=== PROVIDED RECORDS ===

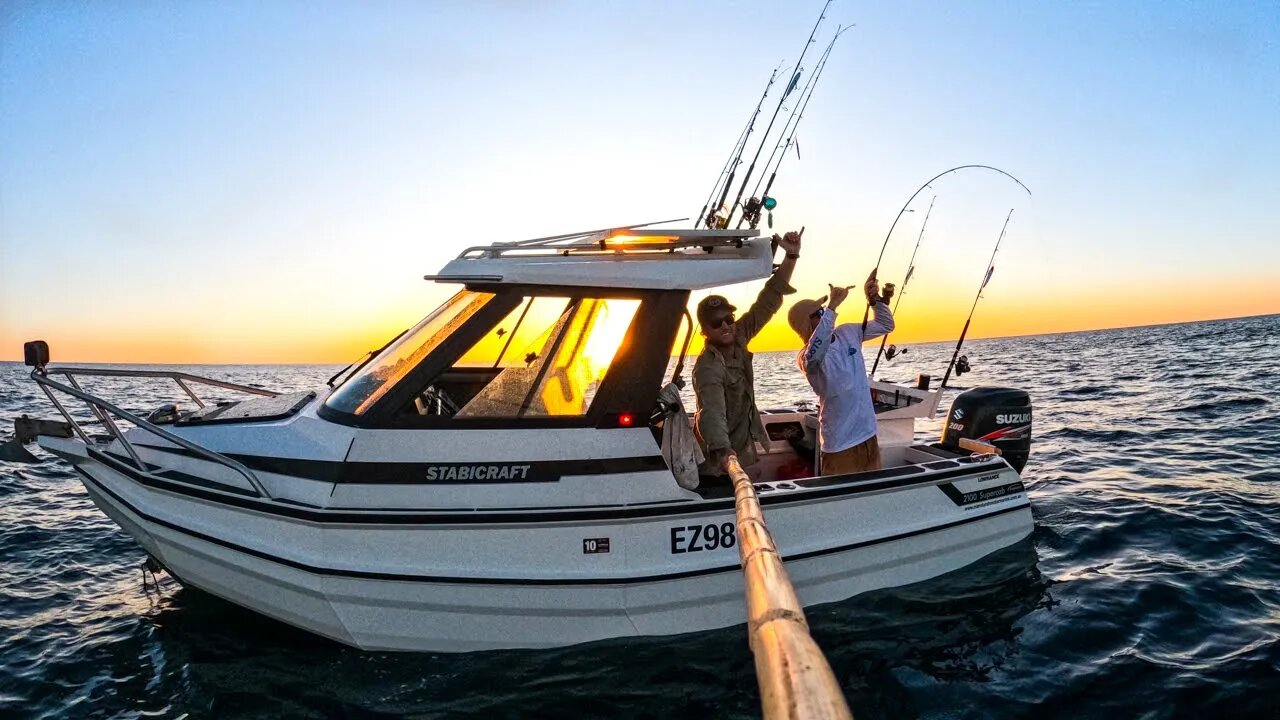 120 HOURS On A Boat At SEA - Eating Only What We Catch.. bacon and eggs excluded.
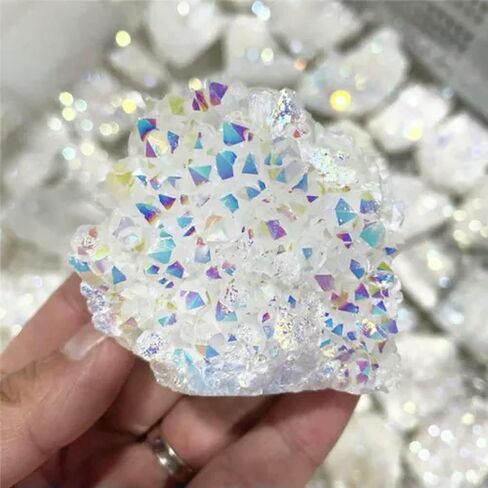 20-220g Natural Electroplate Colorful Crystal Cluster Quarz Stone-About 180-220g in Saudi Arabia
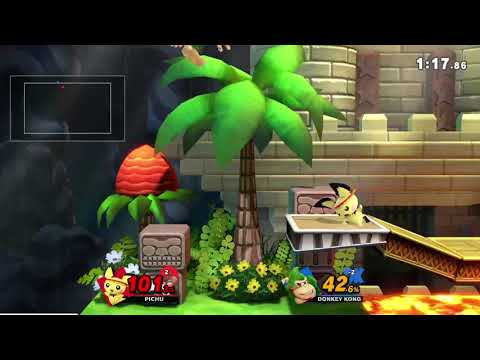 スマブラSP リプレイ タイム制 6837 [23年09年分]【ピチュー 1P自分】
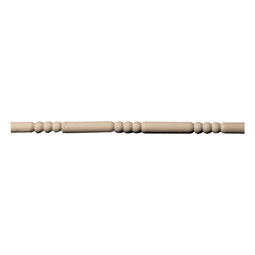 Pearlworks - MLD-172 - Approx. 5/8" x 1/4" x 10' Dowel and beads (small insert) 3-3/4" repeat. Minimum Rad. 10" on edge 26" on arch. (Price/Lineal Foot. 5 Foot Minimum)
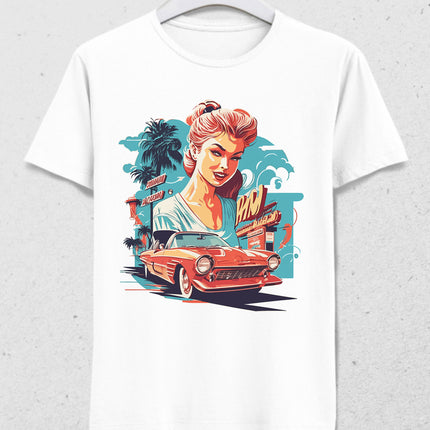 Vegas roads tişört - basmatik.com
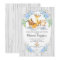 Floral Woodland Animals Baby Shower Invitation Boy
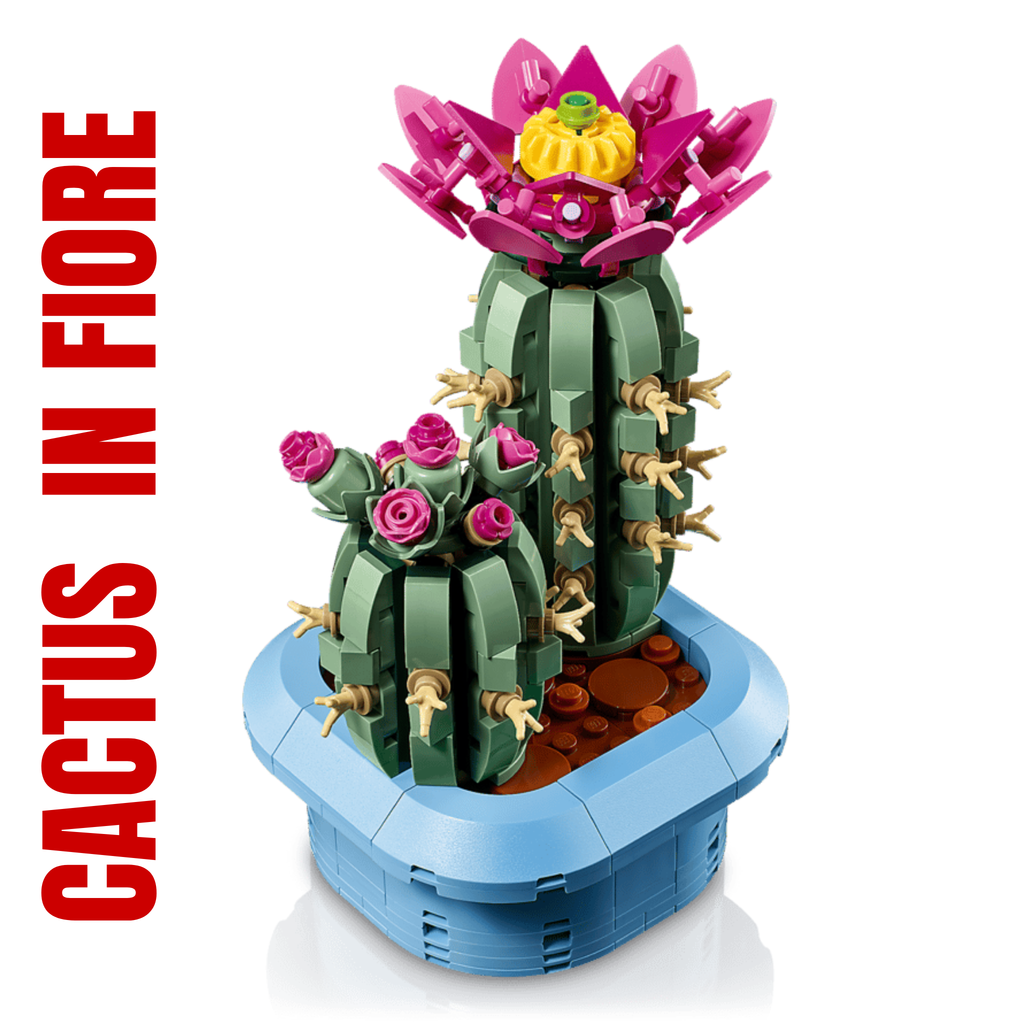 LEGO Cactus in Fiore 11509 decorazione moderna per scrivania stile minimal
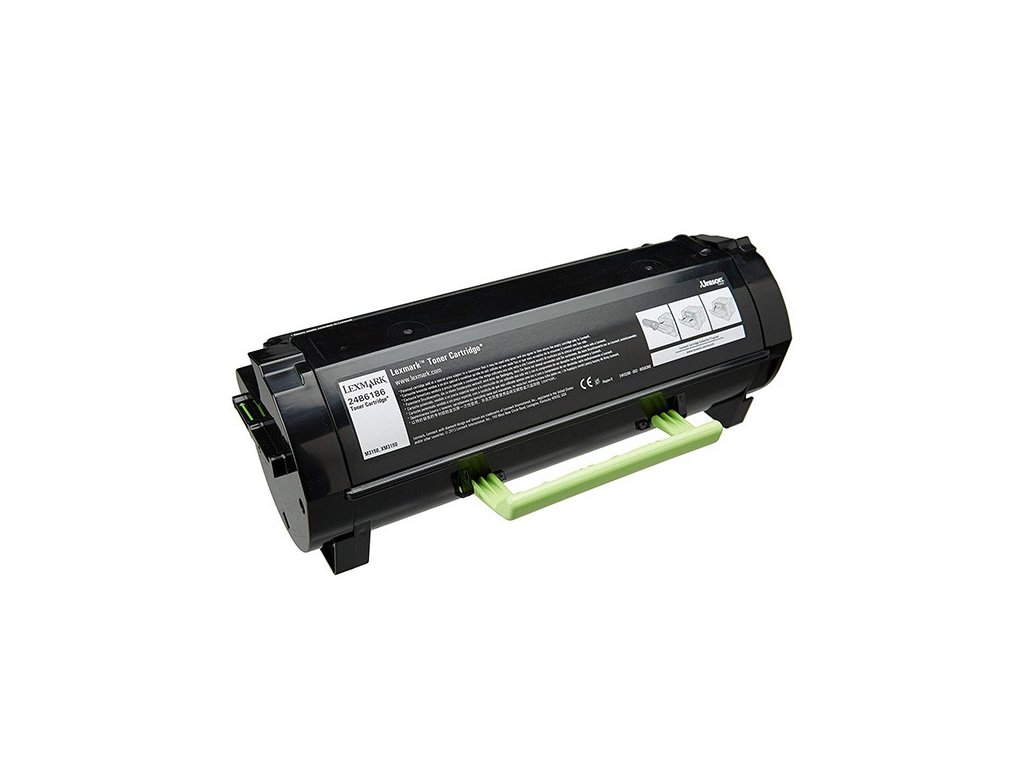 Lexmark originál toner 24B6186, black, 16000str., return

===

TASK PROMPT
The result should be an exact copy of every entry above, with no pictures included.

RESPONSE TO THE EXERCISE
 120 HOURS On A Boat At SEA - Eating Only What We Catch.. bacon and eggs excluded.
 20-220g Natural Electroplate Colorful Crystal Cluster Quarz Stone-About 180-220g in Saudi Arabia
 スマブラSP リプレイ タイム制 6837 [23年09年分]【ピチュー 1P自分】
 Pearlworks - MLD-172 - Approx. 5/8" x 1/4" x 10' Dowel and beads (small insert) 3-3/4" repeat. Minimum Rad. 10" on edge 26" on arch. (Price/Lineal Foot. 5 Foot Minimum)
 Vegas roads tişört - basmatik.com
 Floral Woodland Animals Baby Shower Invitation Boy
 LEGO Cactus in Fiore 11509 decorazione moderna per scrivania stile minimal
 Lexmark originál toner 24B6186, black, 16000str., return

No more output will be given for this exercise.